> [SOURCE RECORDS]:
━━━
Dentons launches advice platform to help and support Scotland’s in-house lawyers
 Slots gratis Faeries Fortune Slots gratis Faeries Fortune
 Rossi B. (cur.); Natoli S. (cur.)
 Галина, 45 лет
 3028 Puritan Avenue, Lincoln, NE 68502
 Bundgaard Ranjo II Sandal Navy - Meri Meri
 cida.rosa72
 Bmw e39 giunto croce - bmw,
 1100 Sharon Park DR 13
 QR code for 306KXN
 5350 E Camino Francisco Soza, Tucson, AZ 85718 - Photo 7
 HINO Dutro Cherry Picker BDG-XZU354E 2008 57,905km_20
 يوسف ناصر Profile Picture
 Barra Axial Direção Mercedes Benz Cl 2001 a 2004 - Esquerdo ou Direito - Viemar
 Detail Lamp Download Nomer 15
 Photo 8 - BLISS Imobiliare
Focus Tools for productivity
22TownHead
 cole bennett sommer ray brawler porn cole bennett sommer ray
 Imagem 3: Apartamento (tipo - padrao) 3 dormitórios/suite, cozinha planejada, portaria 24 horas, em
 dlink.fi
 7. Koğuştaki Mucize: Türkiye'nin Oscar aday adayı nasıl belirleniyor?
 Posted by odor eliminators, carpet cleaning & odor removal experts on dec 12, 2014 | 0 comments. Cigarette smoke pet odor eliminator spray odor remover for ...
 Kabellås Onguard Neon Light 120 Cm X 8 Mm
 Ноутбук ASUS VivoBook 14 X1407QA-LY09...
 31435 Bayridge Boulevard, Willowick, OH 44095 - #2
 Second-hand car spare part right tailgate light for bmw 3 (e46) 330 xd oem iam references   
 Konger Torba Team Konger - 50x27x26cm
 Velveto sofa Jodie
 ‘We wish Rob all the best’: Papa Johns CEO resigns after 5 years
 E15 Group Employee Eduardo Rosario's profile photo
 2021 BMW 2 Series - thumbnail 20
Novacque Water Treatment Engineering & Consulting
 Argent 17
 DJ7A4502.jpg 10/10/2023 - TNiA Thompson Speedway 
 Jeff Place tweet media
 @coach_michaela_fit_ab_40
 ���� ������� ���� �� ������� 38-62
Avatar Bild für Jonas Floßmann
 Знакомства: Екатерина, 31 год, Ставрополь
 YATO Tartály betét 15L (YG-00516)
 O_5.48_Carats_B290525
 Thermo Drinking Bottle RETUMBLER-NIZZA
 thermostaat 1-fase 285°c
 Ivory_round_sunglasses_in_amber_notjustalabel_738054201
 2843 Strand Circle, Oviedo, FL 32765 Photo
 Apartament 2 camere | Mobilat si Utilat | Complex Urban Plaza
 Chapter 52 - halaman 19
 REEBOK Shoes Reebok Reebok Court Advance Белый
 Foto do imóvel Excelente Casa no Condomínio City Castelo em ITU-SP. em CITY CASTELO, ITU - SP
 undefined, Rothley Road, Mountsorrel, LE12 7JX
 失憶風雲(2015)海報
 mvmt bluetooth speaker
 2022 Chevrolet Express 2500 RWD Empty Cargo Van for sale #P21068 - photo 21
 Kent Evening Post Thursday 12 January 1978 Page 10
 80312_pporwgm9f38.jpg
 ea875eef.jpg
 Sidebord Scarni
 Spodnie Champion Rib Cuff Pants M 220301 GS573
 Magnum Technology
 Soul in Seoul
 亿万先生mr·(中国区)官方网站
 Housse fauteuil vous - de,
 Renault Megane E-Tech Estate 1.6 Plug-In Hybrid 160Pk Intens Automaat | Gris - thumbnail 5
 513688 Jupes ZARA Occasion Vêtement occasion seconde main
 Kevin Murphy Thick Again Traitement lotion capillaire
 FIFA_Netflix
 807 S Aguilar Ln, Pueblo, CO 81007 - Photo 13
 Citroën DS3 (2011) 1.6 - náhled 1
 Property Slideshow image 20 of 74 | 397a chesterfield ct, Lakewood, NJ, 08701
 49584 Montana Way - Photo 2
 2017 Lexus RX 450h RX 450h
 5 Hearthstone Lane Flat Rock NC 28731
━━━
> [REQUIRED WORK]: Go through the material above and copy each line that holds the string "thumbnail".

> [THE COMPLETED TASK]:
 2021 BMW 2 Series - thumbnail 20
 Renault Megane E-Tech Estate 1.6 Plug-In Hybrid 160Pk Intens Automaat | Gris - thumbnail 5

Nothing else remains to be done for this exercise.